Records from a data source

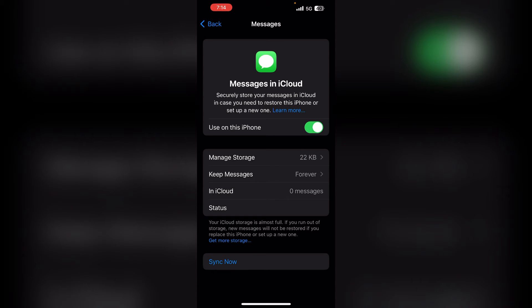Right now they will ask you to click on the Sync Now button to start the syncing. So you can simply tap on this button to sync your iMessages on iPhone.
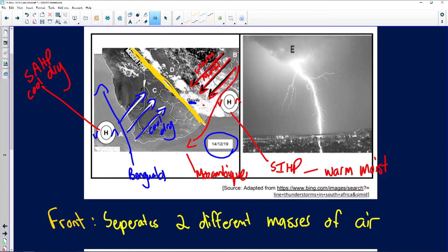We have a photo of lightning over here. When you think of lightning, you think of cumulonimbus clouds.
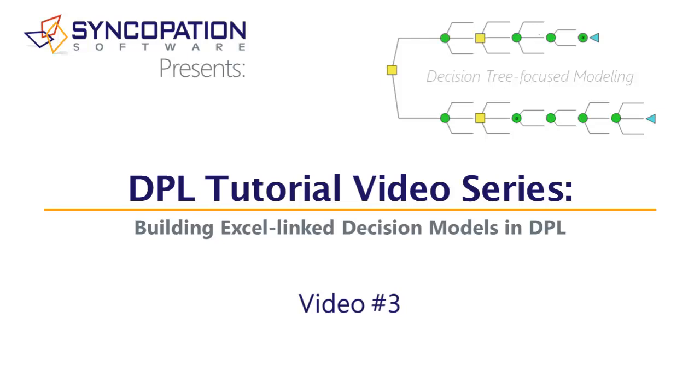Thank you for watching this DPL9 tutorial video series. This is the third and final video in a series that has shown you how to build a decision analysis model in the decision tree focus modeling mode in DPL9. In this video, I will make the initial decision asymmetric and will finish adding events to the tree. Finally, I will run an analysis on the model to produce results.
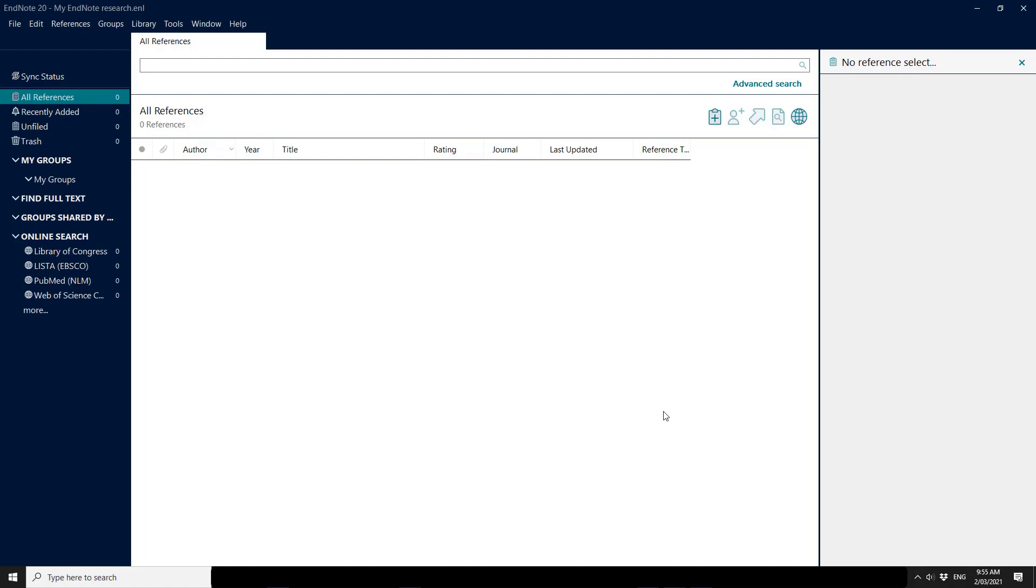Today I'm going to show you how to sync to an already existing EndNote Online account or to use a second computer with a library that has already been synced to EndNote Online.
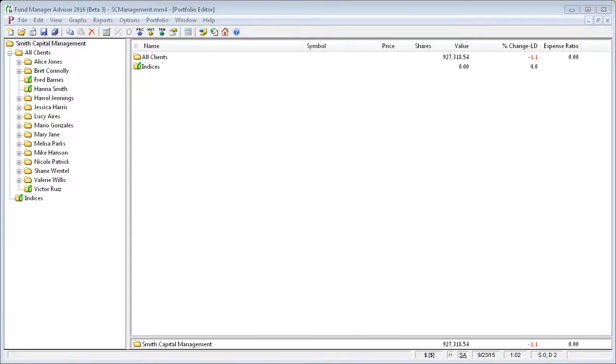Hello, this tutorial will go over some of the client features available in the Advisor version of Fund Manager.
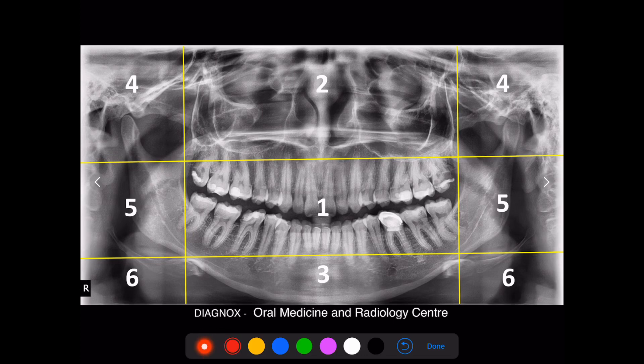The most important structure in zone 2 which you have to identify is the maxillary sinus. What I'm drawing here is the outline of the right maxillary sinus and also the left maxillary sinus. Always check whether the border of the maxillary sinus appears intact — the corticated white thin outline should be intact. The internal structure of the maxillary sinus appears black normally because it is always filled with air. In some pathological conditions, it is filled with mucus or other fluid, and because of that it appears white, or otherwise it is called opalescence.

→ **Instructions to follow**: Please write out exactly, and only, the lines from the beginning of the entries through the line containing "Hello, this tutorial", including both and skipping all pictures.

→ **Answer space**:
Right now they will ask you to click on the Sync Now button to start the syncing. So you can simply tap on this button to sync your iMessages on iPhone.
We have a photo of lightning over here. When you think of lightning, you think of cumulonimbus clouds.
Thank you for watching this DPL9 tutorial video series. This is the third and final video in a series that has shown you how to build a decision analysis model in the decision tree focus modeling mode in DPL9. In this video, I will make the initial decision asymmetric and will finish adding events to the tree. Finally, I will run an analysis on the model to produce results.
Today I'm going to show you how to sync to an already existing EndNote Online account or to use a second computer with a library that has already been synced to EndNote Online.
Hello, this tutorial will go over some of the client features available in the Advisor version of Fund Manager.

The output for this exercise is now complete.